[Raw data — start]

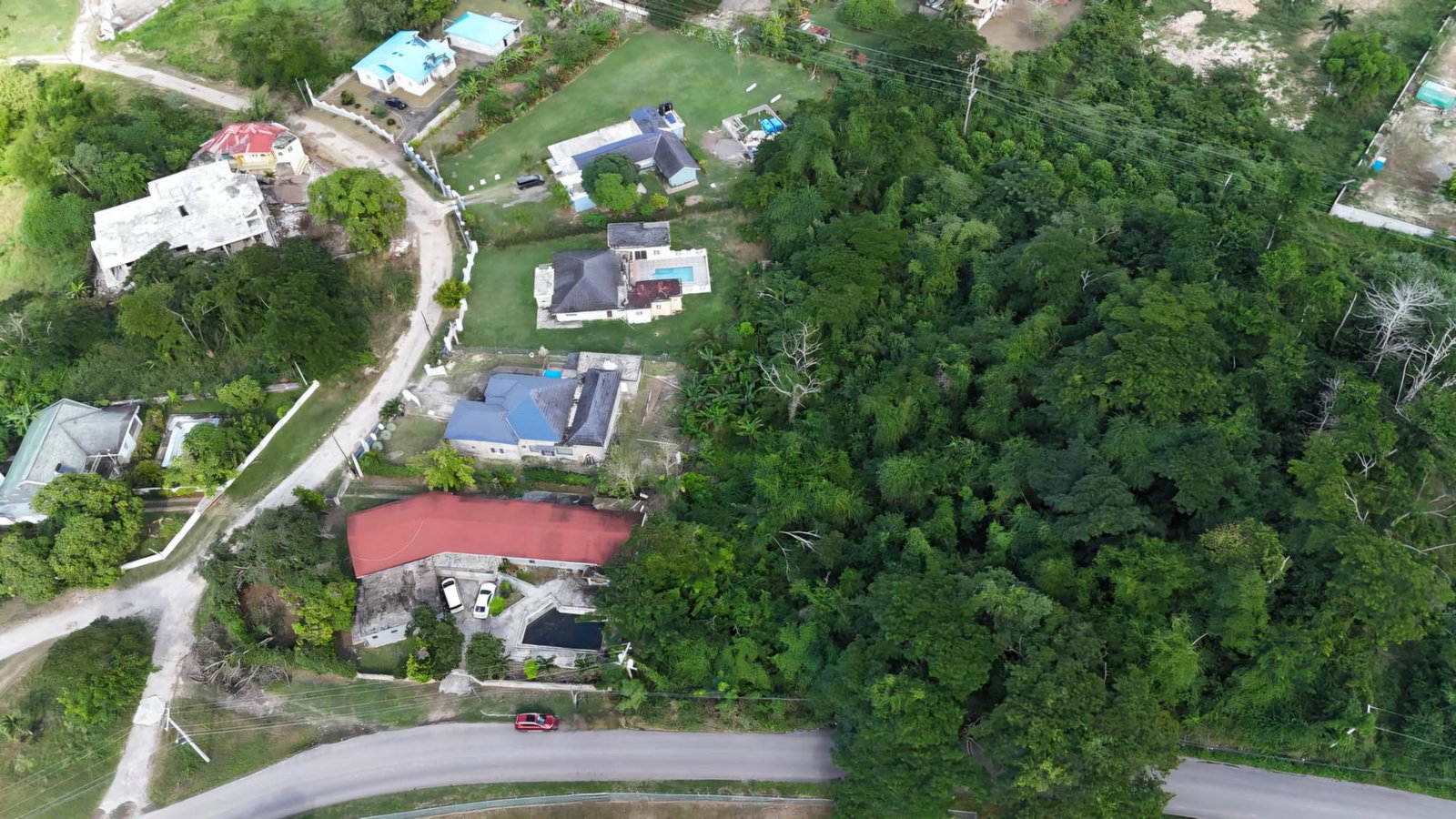 Third image of Cardiff Hall in Runaway Bay, St. Ann, Jamaica - property is For Sale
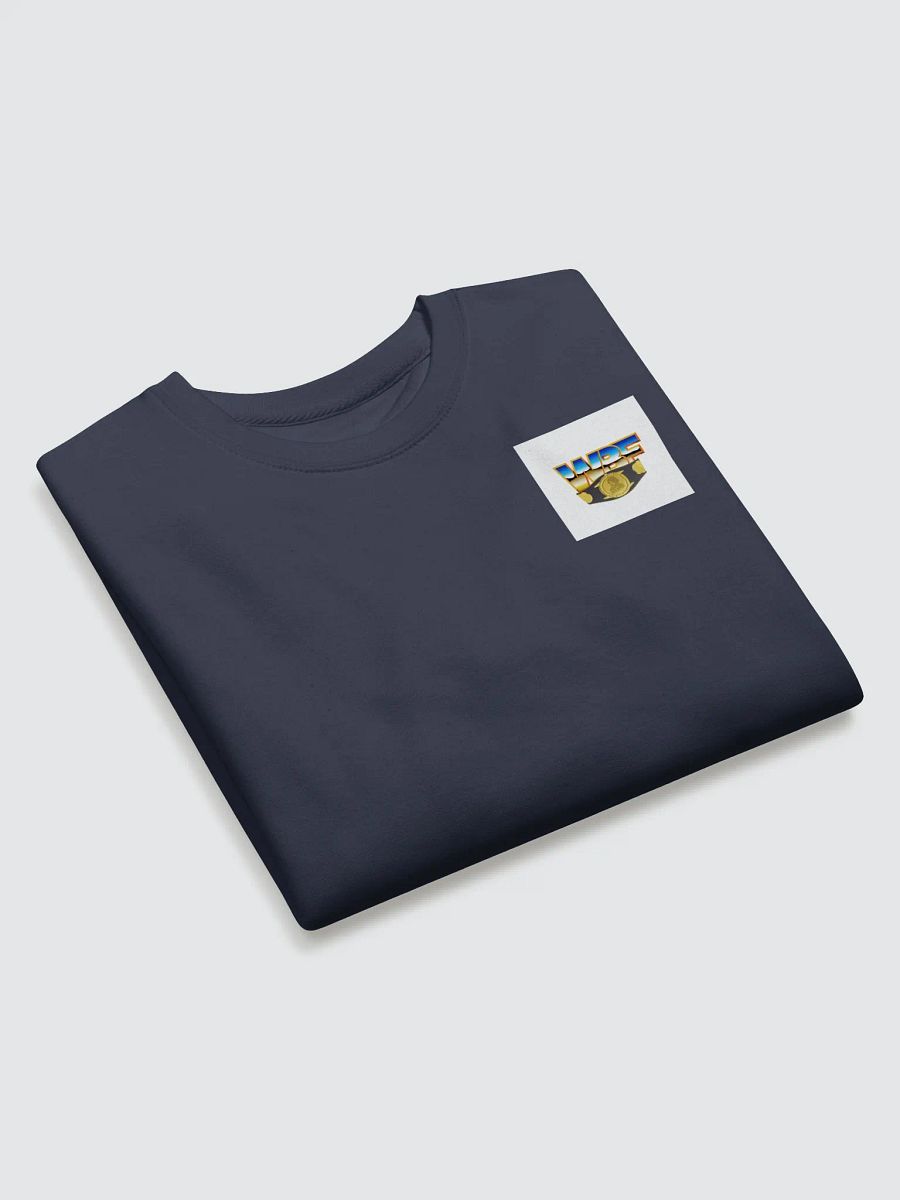 Official WBF Sweatshirt product image (4)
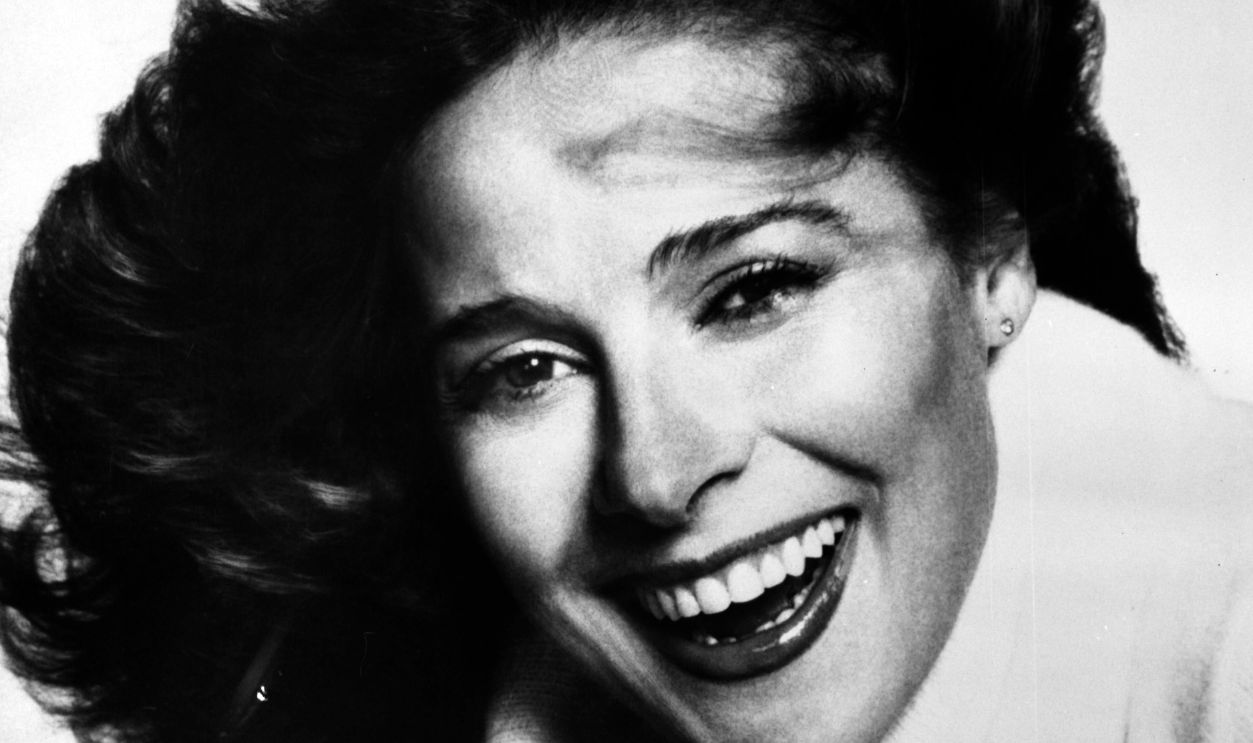 Getty Images - 135871823 - Joan Hackett, 1970s.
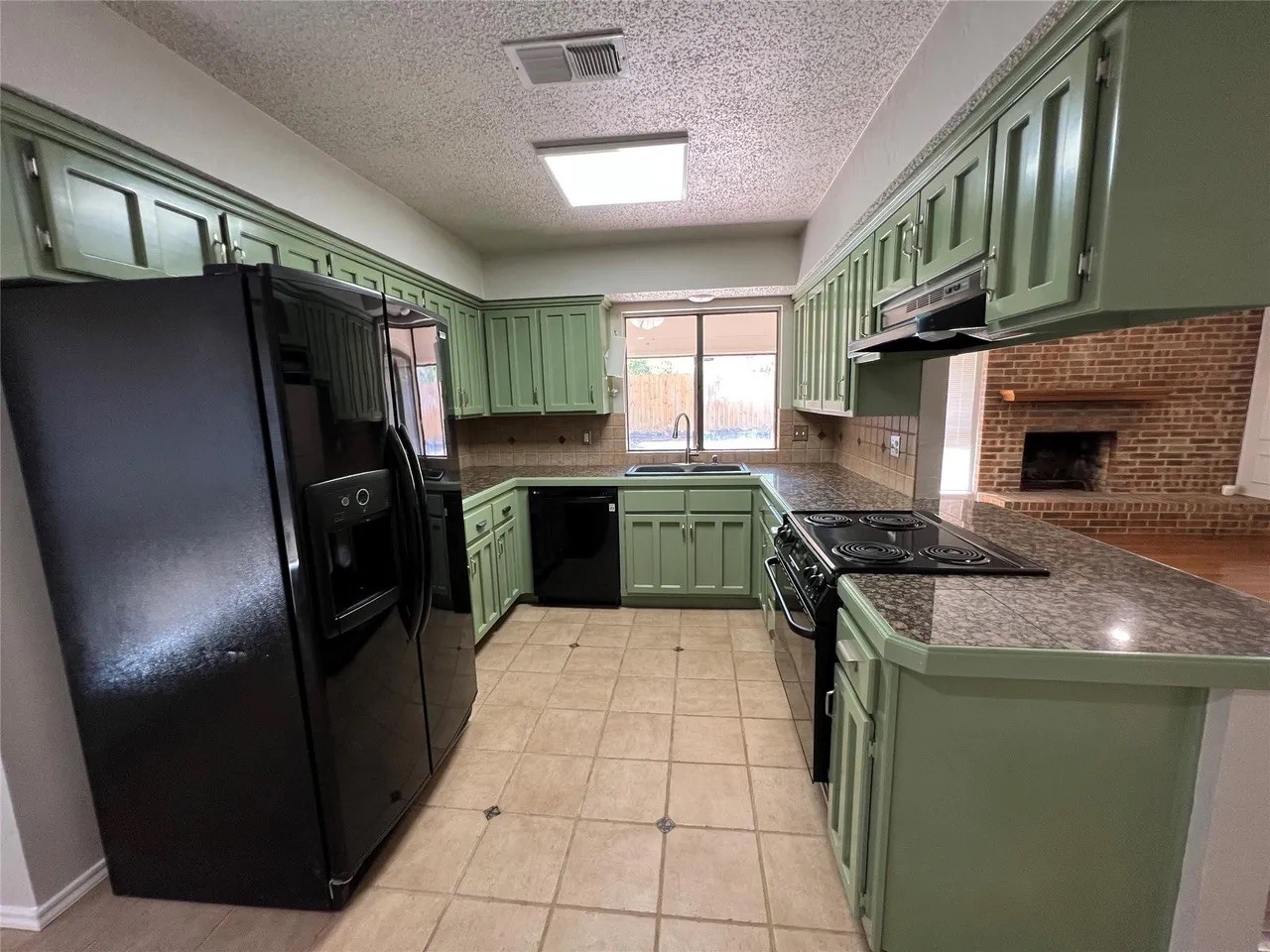 6417 Canyon Circle Fort Worth TX 76133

[Raw data — finish]

▶ [Problem requirements]
Skip the pictures and write out exactly the lines from the line containing "Getty Images - 135871823" through the end of the listing above.

▶ [Response to the task]
 Getty Images - 135871823 - Joan Hackett, 1970s.
 6417 Canyon Circle Fort Worth TX 76133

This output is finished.